Ekonomik cepheden baktığımızda; Gelen sermaye azalıyor, giden artıyor

Türkiye Odalar ve Borsalar Birliği bünyesinde faaliyet gösteren TEPAV, ülkeye gelen ve giden doğrudan yatırımları inceleyen raporunda[3], Türkiye'den yurtdışına giden (ODI ) ve yurtiçine gelen (FDI) doğrudan yatırımların gidişatını gösteren ODI/FDI oranının ideal olarak düşük (sıfıra yakın) olması gerekirken haziranda, geçen yılın sonuna göre 3,4 puan daha yükselerek yüzde 24,8’den yüzde 28,2’ye çıkmış, Temmuz 2018 itibariyle ise %33 seviyesine ulaşmıştır

TEPAV'ın haziran raporuna göre, geçen yılın sonu itibarıyla yurtdışından 10 milyar 889 milyon dolarlık yabancı sermaye Türkiye'ye yatırım için gelmiş, buna karşılık Türkiye'den 2,7 milyar dolarlık yerli yatırım yurt dışına gitmişti. Bu yılın haziran sonuna gelindiğinde ise yıllık bazda ülkeye gelen yabancı sermaye tutarı 10 milyar 704 milyon dolara gerilerken Türkiye'den çıkan yerli sermaye 3 milyar 20 milyon dolara yükselmiş.

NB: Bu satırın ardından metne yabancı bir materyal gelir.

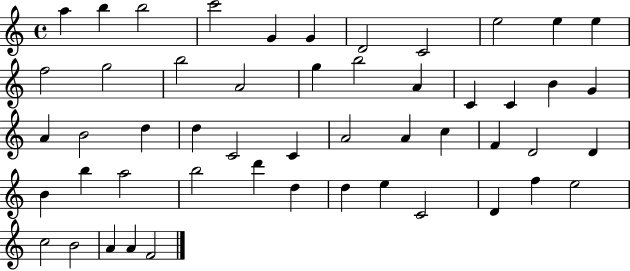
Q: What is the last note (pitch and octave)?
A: F4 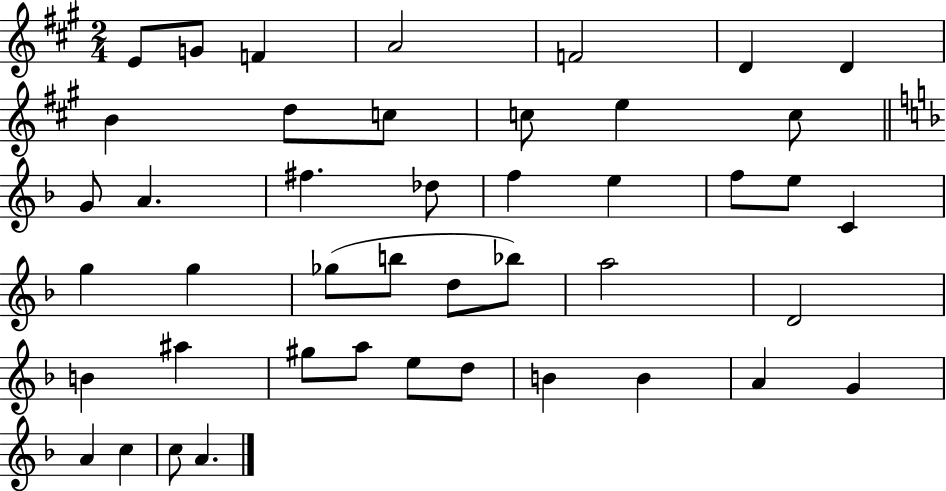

Son yıllarda ODI/FDI oranında meydana gelen bu yükseliş, bir yandan Türkiye’nin doğrudan yatırımlar için cazibesini kaybetmeye başladığını yurtdışındaki yabancı sermayenin ülkeye girişinde bir yavaşlama olduğunu gösterirken, diğer yandan yerli sermayenin yurt dışına kaçışında hızlanma olduğunu göstermektedir.

Ayrıca Merkez Bankası’nın açıkladığı Ödemeler Dengesi verilerine göre, yabancı yatırımcının getirdiği sıcak parada görülen önemli düşüşün yanı sıra yerleşiklerin de yurtdışına götürdükleri paranın hızla arttığı görülüyor.

Türkiye ekonomisinin bugün içinde bulunduğu yüksek enflasyon, yüksek işsizlik, istihdam maliyetinin yüksek oluşu ve TL'deki değer kaybı gibi sorunlar nedeniyle, ülkedeki gidişata güvenemeyen yerli sermaye parasını yurtdışına götürüyor. Özellikle döviz kurunun patladığı Ağustos ayında yüklü miktarda dövizin yurt dışına çıkarıldığını bir anlamda dış güçler değil de iç güçlerin krizi artırdığı görülüyor.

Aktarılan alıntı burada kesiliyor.